**WHAT TO DO:** Go to the line with "Yu-Gi-Oh Dark Magician" in the records below, then output it and each following line exactly, up to and including the line with "WOOOOZY Glitzer-Nagellack holographisch, 14". Skip pictures and add nothing.

**DATA SUPPLIED:**

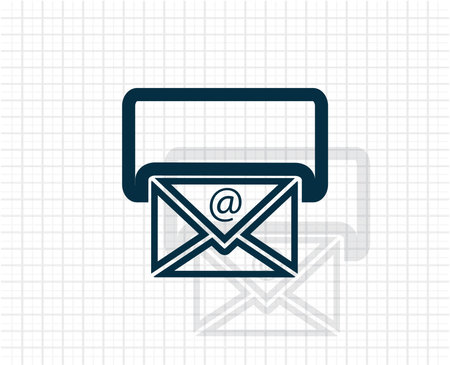 Mailbox icon with shadowのイラスト素材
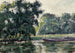Richmond, un paisaje fluvial - Alfred William Finch — vista de la obra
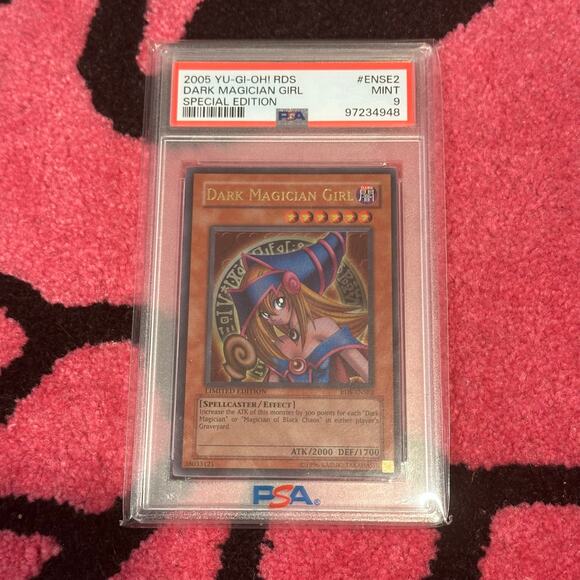 Yu-Gi-Oh Dark Magician Girl RDS-ENSE2 Rise of Destiny PSA 9 - Picture 1 of 3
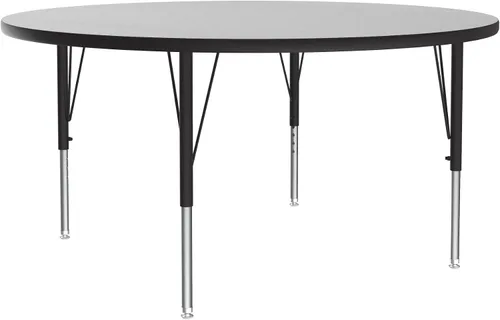 Vista 13 de Correll AM2448-REC-15 EconoLne - Mesa de actividades de melamina, 24 pulgadas x 48 pulgadas, parte superior de granito gris rectangular, patas
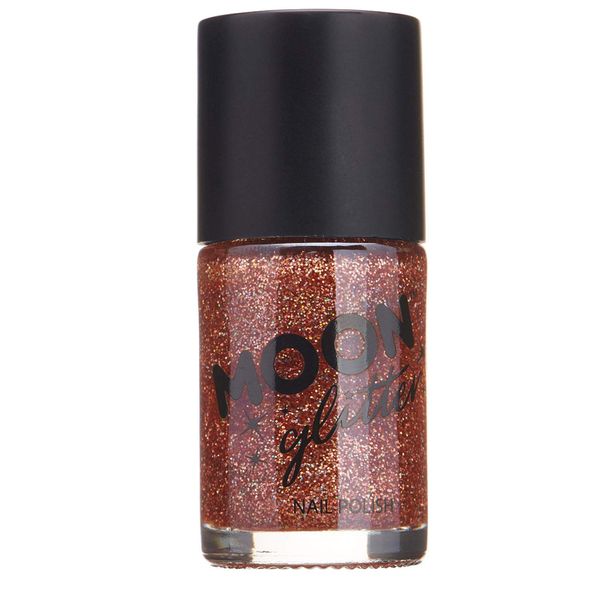 WOOOOZY Glitzer-Nagellack holographisch, 14 ml, rose-gold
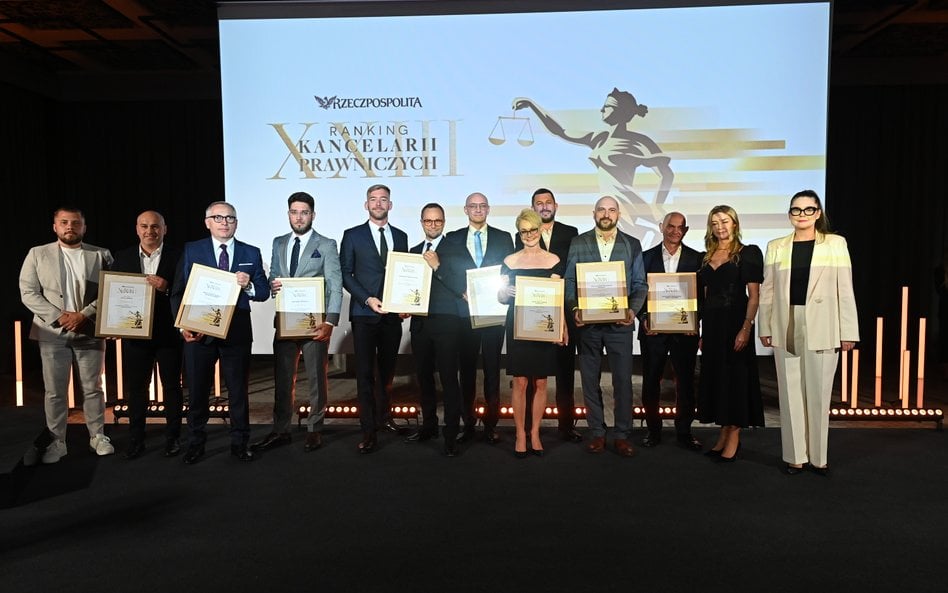 Laureaci 23.edycji rankingu kancelarii prawniczych „Rzeczpospolitej”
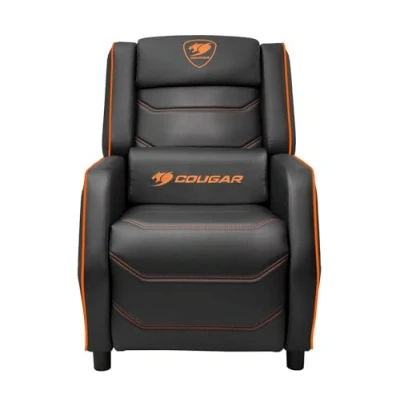 Abbildung von COUGAR Gaming Sofa Ranger S, Stahlrahmen, atmungsaktives PVC Leder, mit Lendenkissen, 157 Liegesystem, 160 kg Tragkraft, Orange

**RESULT:**
 Yu-Gi-Oh Dark Magician Girl RDS-ENSE2 Rise of Destiny PSA 9 - Picture 1 of 3
 Vista 13 de Correll AM2448-REC-15 EconoLne - Mesa de actividades de melamina, 24 pulgadas x 48 pulgadas, parte superior de granito gris rectangular, patas
 WOOOOZY Glitzer-Nagellack holographisch, 14 ml, rose-gold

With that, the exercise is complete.